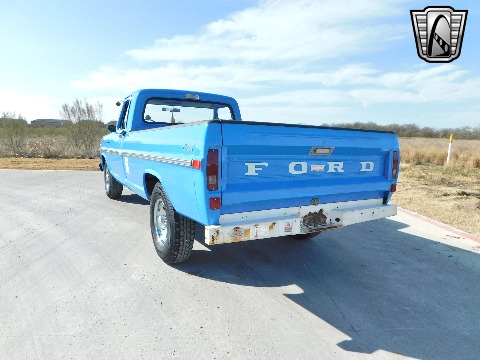 1970 Ford F250 image 9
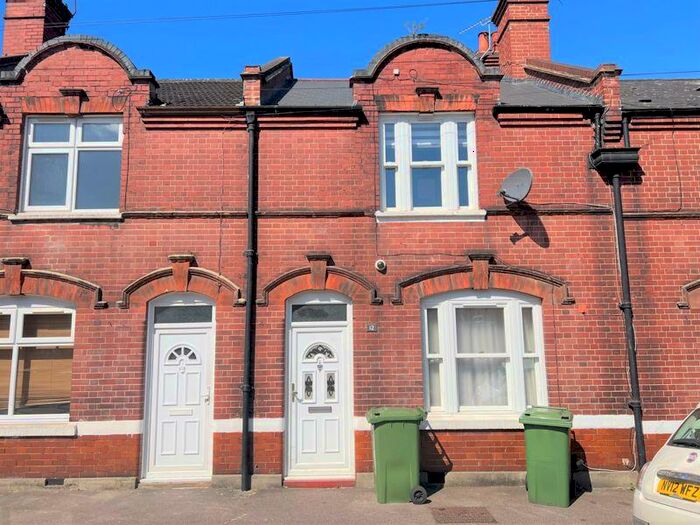 3 Bedroom Terraced House To Rent In Barge House Road, London, E16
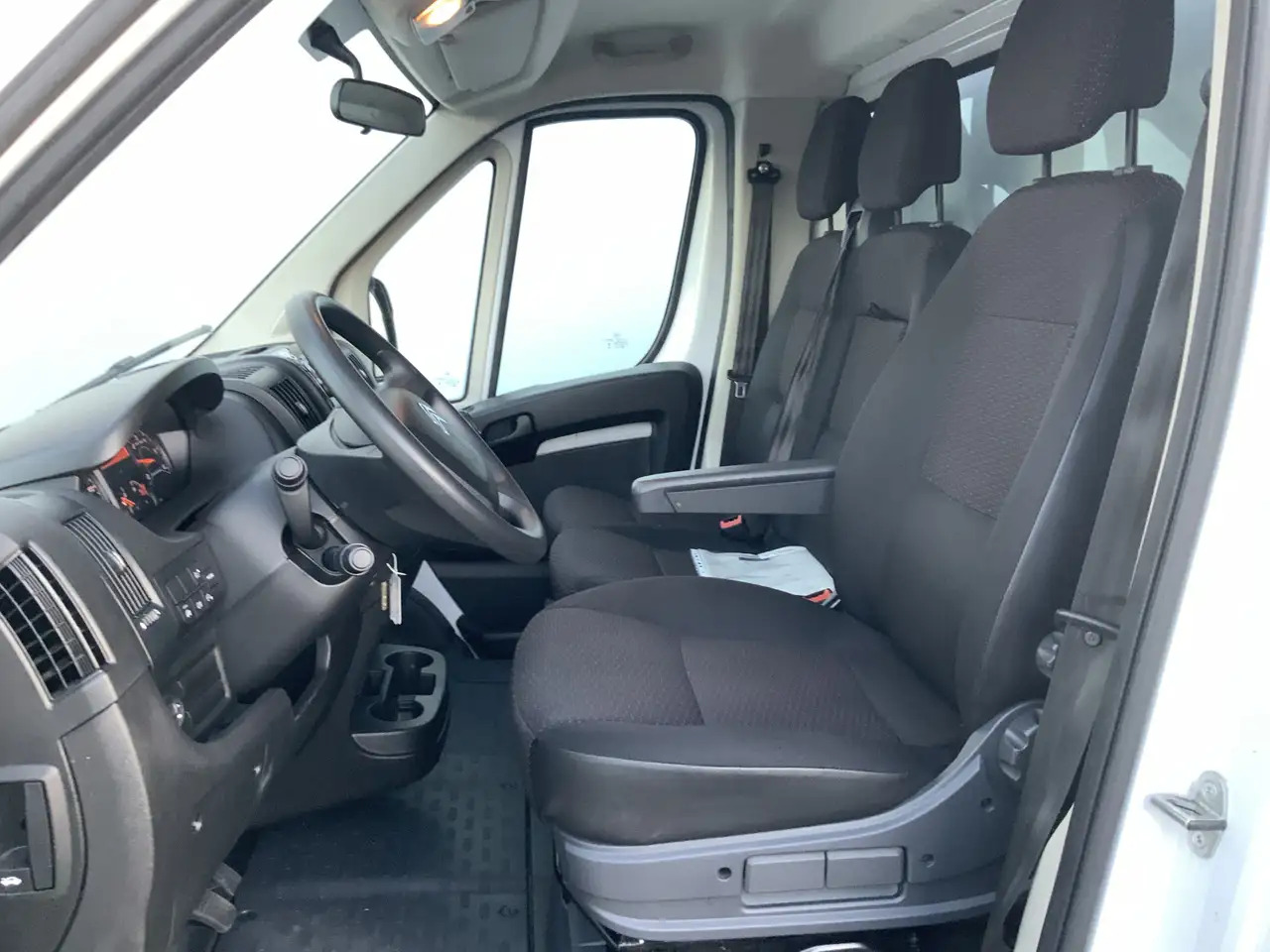 Citroen Jumper 2.2 BlueHDi 165 L3 3.5t Meubel bak & Deuren Airco - כלי רכב מסחרי עם תיבה: תמונה 4 Citroen Jumper 2.2 BlueHDi 165 L3 3.5t Meubel bak & Deuren Airco - כלי רכב מסחרי עם תיבה: תמונה 4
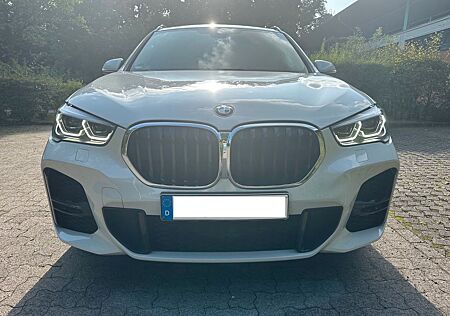 BMW X1 sDrive18i M Sport M Sport Voll Garantie 5/25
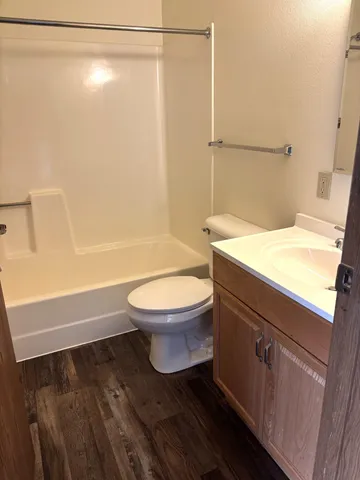 $825 | 124 East Summit Avenue, Fergus Falls, MN 56537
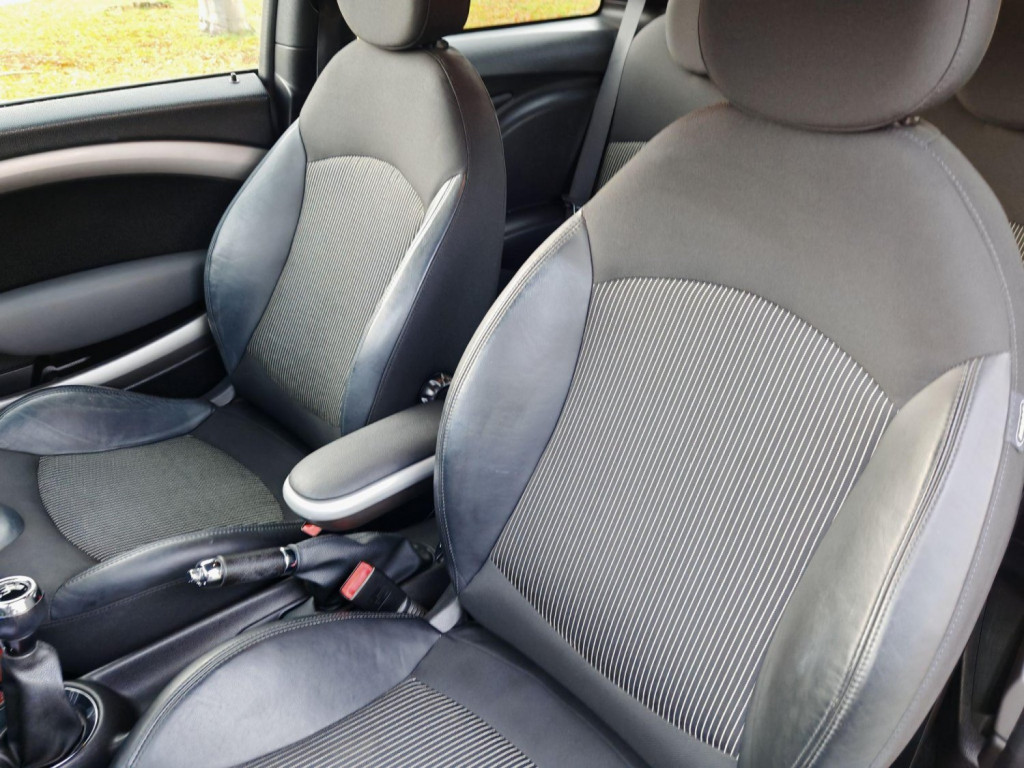 MINI HATCH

******************************

Assignment >>
Quote every record above exactly, leaving out the pictures.

Result for this exercise >>
 1970 Ford F250 image 9
 3 Bedroom Terraced House To Rent In Barge House Road, London, E16
 Citroen Jumper 2.2 BlueHDi 165 L3 3.5t Meubel bak & Deuren Airco - כלי רכב מסחרי עם תיבה: תמונה 4 Citroen Jumper 2.2 BlueHDi 165 L3 3.5t Meubel bak & Deuren Airco - כלי רכב מסחרי עם תיבה: תמונה 4
 BMW X1 sDrive18i M Sport M Sport Voll Garantie 5/25
 $825 | 124 East Summit Avenue, Fergus Falls, MN 56537
 MINI HATCH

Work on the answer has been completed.